### Work instruction
Everything from the first line of the material below through the line containing "2412 Alamo St, Pinole CA 94564" is to be printed exactly, and nothing more.

=== Begin Enclosure ===

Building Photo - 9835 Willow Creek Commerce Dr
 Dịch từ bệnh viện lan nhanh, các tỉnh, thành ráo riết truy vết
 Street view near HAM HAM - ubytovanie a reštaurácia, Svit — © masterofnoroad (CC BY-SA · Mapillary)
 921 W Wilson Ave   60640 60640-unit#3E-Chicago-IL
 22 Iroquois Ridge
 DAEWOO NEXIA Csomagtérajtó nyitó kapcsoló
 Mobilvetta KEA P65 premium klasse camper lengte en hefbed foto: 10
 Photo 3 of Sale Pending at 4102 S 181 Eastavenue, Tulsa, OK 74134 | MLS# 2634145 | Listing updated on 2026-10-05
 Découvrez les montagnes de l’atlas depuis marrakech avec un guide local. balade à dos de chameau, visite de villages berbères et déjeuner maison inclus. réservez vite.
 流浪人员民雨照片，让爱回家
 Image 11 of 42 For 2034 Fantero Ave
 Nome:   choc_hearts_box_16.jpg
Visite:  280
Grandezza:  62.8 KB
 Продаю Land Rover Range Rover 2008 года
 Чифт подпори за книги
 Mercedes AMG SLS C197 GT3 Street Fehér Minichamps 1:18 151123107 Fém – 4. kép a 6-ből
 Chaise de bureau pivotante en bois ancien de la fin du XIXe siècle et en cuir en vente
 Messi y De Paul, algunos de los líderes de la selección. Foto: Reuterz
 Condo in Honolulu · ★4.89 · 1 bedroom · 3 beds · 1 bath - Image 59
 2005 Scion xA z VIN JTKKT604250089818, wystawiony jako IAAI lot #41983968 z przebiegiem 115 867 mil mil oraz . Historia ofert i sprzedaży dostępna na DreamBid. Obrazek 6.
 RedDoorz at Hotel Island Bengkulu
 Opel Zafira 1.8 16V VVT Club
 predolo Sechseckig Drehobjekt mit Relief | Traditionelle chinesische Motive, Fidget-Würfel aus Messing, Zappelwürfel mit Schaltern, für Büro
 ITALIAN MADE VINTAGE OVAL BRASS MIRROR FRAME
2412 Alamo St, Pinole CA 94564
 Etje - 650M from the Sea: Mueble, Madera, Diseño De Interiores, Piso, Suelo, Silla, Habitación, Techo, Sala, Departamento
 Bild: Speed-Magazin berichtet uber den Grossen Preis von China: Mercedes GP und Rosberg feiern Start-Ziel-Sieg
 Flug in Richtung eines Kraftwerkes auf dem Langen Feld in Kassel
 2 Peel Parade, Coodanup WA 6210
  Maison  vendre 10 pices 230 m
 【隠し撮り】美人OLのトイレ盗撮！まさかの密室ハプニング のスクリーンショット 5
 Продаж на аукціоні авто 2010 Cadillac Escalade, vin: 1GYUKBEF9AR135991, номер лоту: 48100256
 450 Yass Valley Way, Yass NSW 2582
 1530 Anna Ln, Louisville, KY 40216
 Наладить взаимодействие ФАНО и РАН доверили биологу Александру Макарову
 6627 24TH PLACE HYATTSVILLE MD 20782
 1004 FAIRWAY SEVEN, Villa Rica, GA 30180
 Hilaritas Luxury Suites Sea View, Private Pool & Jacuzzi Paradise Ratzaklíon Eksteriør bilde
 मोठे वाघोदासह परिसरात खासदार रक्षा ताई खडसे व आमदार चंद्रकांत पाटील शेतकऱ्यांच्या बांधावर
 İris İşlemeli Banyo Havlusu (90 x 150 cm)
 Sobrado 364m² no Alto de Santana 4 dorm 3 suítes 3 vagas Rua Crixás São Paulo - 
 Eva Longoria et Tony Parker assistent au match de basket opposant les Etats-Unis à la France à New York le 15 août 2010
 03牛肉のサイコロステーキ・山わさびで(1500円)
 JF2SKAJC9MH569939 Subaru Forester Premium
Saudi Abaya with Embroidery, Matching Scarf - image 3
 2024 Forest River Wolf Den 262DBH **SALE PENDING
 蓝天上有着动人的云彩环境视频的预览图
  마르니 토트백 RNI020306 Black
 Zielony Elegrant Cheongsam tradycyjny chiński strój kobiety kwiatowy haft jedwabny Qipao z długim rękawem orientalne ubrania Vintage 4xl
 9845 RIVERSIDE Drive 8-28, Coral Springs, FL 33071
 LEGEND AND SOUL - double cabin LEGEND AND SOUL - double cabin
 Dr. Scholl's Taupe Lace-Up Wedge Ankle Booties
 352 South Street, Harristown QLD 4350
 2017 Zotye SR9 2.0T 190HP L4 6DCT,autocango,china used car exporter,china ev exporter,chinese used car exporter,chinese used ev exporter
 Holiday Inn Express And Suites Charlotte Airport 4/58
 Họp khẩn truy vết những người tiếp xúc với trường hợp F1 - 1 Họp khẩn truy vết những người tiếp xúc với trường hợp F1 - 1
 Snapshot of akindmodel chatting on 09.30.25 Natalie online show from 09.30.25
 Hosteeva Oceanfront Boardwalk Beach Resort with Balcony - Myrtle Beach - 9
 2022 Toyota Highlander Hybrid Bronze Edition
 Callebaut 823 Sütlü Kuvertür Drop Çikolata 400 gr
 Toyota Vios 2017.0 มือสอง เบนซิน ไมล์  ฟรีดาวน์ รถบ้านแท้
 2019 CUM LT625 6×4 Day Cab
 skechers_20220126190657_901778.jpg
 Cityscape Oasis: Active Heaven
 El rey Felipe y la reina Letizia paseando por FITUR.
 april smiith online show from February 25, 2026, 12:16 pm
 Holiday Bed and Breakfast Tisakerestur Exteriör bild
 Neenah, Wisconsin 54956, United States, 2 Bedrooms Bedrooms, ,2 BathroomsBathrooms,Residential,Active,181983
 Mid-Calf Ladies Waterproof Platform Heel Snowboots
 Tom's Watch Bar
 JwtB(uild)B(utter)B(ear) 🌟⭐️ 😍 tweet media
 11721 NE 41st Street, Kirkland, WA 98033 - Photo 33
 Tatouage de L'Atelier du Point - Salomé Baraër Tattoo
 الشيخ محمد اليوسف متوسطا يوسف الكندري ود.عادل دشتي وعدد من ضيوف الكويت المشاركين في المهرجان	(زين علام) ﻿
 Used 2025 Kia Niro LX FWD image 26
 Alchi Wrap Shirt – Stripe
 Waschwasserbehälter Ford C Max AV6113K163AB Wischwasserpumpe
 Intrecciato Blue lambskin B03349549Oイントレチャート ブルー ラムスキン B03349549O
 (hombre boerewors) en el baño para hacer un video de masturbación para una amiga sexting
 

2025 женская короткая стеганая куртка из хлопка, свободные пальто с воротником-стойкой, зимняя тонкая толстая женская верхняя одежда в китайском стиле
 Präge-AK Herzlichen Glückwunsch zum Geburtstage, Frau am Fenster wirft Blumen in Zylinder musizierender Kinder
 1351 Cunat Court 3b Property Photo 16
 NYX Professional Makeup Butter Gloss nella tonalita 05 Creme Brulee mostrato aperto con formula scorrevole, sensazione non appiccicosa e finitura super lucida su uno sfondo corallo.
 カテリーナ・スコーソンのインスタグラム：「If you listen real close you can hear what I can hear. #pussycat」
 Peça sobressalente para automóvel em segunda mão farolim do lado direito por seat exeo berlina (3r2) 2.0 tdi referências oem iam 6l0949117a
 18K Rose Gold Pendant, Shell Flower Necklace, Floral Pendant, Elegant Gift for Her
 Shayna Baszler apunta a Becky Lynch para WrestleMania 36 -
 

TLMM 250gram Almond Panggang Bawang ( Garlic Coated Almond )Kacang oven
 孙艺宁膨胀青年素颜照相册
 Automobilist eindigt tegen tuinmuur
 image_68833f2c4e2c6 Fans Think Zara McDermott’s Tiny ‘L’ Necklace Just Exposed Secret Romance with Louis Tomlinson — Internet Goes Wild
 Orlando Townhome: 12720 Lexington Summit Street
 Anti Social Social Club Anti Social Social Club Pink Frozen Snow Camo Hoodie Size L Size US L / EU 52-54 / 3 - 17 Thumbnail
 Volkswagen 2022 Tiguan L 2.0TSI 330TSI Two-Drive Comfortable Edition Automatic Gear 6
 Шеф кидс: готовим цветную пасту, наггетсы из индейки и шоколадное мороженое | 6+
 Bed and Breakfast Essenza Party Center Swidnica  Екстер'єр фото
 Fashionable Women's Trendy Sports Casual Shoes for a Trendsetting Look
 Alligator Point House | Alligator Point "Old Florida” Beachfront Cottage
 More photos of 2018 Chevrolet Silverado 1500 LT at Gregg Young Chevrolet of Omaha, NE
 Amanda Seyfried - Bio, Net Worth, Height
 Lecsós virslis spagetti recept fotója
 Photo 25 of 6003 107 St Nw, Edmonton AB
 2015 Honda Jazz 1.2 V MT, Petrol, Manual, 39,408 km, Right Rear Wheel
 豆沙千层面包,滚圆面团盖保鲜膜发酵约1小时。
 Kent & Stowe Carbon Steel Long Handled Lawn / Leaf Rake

=== End Enclosure ===

### Response
Building Photo - 9835 Willow Creek Commerce Dr
 Dịch từ bệnh viện lan nhanh, các tỉnh, thành ráo riết truy vết
 Street view near HAM HAM - ubytovanie a reštaurácia, Svit — © masterofnoroad (CC BY-SA · Mapillary)
 921 W Wilson Ave   60640 60640-unit#3E-Chicago-IL
 22 Iroquois Ridge
 DAEWOO NEXIA Csomagtérajtó nyitó kapcsoló
 Mobilvetta KEA P65 premium klasse camper lengte en hefbed foto: 10
 Photo 3 of Sale Pending at 4102 S 181 Eastavenue, Tulsa, OK 74134 | MLS# 2634145 | Listing updated on 2026-10-05
 Découvrez les montagnes de l’atlas depuis marrakech avec un guide local. balade à dos de chameau, visite de villages berbères et déjeuner maison inclus. réservez vite.
 流浪人员民雨照片，让爱回家
 Image 11 of 42 For 2034 Fantero Ave
 Nome:   choc_hearts_box_16.jpg
Visite:  280
Grandezza:  62.8 KB
 Продаю Land Rover Range Rover 2008 года
 Чифт подпори за книги
 Mercedes AMG SLS C197 GT3 Street Fehér Minichamps 1:18 151123107 Fém – 4. kép a 6-ből
 Chaise de bureau pivotante en bois ancien de la fin du XIXe siècle et en cuir en vente
 Messi y De Paul, algunos de los líderes de la selección. Foto: Reuterz
 Condo in Honolulu · ★4.89 · 1 bedroom · 3 beds · 1 bath - Image 59
 2005 Scion xA z VIN JTKKT604250089818, wystawiony jako IAAI lot #41983968 z przebiegiem 115 867 mil mil oraz . Historia ofert i sprzedaży dostępna na DreamBid. Obrazek 6.
 RedDoorz at Hotel Island Bengkulu
 Opel Zafira 1.8 16V VVT Club
 predolo Sechseckig Drehobjekt mit Relief | Traditionelle chinesische Motive, Fidget-Würfel aus Messing, Zappelwürfel mit Schaltern, für Büro
 ITALIAN MADE VINTAGE OVAL BRASS MIRROR FRAME
2412 Alamo St, Pinole CA 94564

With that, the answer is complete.